To throw in my two cents, I think it’s clear that whole classes of “mechansitic interpretability” work are about better understanding architectures in ways that, if the research is successful, make it easier to improve their capabilities.
And I think this points strongly against publishing this stuff, especially if the goal is to “make this whole field more prestigious real quick”. Insofar as the prestige is coming from folks who work on AI capabilities, that’s drinking from a poisoned well (since they’ll grant the most prestige to the work that helps them accelerate).
One relevant point I don’t see discussed is that interpretability research is trying to buy us “slack”, but capabilities research consumes available “slack” as fuel until none is left.
What do I mean by this?

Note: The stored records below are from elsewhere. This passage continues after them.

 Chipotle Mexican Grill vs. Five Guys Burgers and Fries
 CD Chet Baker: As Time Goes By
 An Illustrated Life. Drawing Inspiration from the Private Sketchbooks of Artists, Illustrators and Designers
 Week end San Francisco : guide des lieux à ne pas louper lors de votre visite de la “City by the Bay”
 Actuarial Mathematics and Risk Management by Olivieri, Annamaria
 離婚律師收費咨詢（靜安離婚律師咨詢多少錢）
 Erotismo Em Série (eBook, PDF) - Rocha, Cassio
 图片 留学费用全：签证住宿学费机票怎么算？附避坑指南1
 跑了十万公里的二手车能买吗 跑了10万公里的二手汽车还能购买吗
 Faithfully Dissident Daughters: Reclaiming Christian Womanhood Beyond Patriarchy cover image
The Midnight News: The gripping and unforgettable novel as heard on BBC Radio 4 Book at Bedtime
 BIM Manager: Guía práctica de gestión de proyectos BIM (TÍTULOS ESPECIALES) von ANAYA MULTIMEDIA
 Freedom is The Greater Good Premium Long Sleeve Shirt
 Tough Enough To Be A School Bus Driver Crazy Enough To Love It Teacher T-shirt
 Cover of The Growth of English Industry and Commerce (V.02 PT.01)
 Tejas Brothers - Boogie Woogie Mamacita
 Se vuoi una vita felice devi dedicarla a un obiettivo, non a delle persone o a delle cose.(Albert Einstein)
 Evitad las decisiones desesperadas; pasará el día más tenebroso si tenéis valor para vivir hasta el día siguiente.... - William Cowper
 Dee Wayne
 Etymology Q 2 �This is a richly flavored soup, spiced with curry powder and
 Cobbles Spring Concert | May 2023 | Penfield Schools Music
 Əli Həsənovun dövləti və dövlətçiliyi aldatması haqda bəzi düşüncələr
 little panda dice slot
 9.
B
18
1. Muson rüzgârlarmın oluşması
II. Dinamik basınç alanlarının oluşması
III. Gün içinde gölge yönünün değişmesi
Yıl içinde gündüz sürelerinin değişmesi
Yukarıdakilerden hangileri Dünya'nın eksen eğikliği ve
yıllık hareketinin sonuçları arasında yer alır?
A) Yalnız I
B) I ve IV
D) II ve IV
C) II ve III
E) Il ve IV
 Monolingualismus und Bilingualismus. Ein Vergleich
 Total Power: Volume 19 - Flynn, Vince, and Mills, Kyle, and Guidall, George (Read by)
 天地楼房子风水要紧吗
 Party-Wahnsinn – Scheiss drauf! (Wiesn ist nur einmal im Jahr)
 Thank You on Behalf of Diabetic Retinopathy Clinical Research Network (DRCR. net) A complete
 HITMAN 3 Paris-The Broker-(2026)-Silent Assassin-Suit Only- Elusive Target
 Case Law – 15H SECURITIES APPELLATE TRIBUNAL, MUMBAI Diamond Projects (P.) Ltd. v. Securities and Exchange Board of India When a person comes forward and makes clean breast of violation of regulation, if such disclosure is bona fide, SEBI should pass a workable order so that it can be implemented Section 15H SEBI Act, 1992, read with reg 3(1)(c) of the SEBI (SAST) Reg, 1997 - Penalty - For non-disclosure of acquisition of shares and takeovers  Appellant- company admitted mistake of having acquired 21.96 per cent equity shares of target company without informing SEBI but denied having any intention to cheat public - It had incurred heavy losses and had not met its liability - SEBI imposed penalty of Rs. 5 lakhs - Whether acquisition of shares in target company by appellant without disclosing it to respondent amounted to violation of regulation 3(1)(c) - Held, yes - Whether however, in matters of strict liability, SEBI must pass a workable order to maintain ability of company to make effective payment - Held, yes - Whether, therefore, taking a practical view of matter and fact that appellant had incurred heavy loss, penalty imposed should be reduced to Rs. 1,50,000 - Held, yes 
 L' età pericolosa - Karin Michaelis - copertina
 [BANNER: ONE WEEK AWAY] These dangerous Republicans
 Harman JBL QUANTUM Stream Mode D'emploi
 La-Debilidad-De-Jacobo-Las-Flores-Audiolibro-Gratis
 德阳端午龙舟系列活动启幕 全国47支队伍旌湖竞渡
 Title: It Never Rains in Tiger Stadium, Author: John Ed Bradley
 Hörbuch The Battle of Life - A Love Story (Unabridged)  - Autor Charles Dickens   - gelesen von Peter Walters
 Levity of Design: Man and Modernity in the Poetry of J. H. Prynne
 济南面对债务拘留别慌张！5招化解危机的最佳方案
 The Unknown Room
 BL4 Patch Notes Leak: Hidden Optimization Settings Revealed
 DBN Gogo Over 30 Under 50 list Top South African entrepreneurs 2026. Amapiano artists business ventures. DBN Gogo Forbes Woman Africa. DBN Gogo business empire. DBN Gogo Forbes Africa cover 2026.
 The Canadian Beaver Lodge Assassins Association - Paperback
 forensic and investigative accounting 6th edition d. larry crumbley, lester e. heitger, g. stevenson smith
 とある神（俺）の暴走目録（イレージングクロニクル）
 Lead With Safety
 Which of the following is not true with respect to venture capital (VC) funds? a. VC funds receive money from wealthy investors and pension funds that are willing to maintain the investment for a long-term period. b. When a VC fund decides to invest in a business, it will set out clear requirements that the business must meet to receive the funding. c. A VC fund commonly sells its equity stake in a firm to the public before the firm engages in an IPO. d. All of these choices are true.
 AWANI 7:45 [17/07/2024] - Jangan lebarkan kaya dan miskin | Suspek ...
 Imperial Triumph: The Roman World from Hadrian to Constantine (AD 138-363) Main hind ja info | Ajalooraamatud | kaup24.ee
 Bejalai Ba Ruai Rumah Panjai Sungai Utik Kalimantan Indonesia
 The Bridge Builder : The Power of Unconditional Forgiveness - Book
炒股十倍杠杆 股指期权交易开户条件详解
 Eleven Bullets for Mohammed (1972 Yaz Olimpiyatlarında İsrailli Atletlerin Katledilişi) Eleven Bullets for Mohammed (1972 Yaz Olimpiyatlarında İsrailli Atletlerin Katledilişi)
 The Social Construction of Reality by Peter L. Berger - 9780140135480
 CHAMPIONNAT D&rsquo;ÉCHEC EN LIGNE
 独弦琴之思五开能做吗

Sometimes we do some work and are left with more understanding and grounding about what our neural nets are doing. The repeated pattern then seems to be that this helps someone design a better architecture or scale things up, until we’re left with a new more complicated network. Maybe because you helped them figure out a key detail about gradient flow in a deep network, or let them quantize the network better so they can run things faster, or whatnot.
Idk how to point at this thing properly, my examples aren’t great. I think I did a better job talking about this over here on twitter recently, if anyone is interested.
But anyhow I support folks doing their research without broadcasting their ideas to people who are trying to do capabilities work. It seems nice to me if there was mostly research closure. And I think I broadly see people overestimating the benefits publishing their work relative to keeping it within a local cluster.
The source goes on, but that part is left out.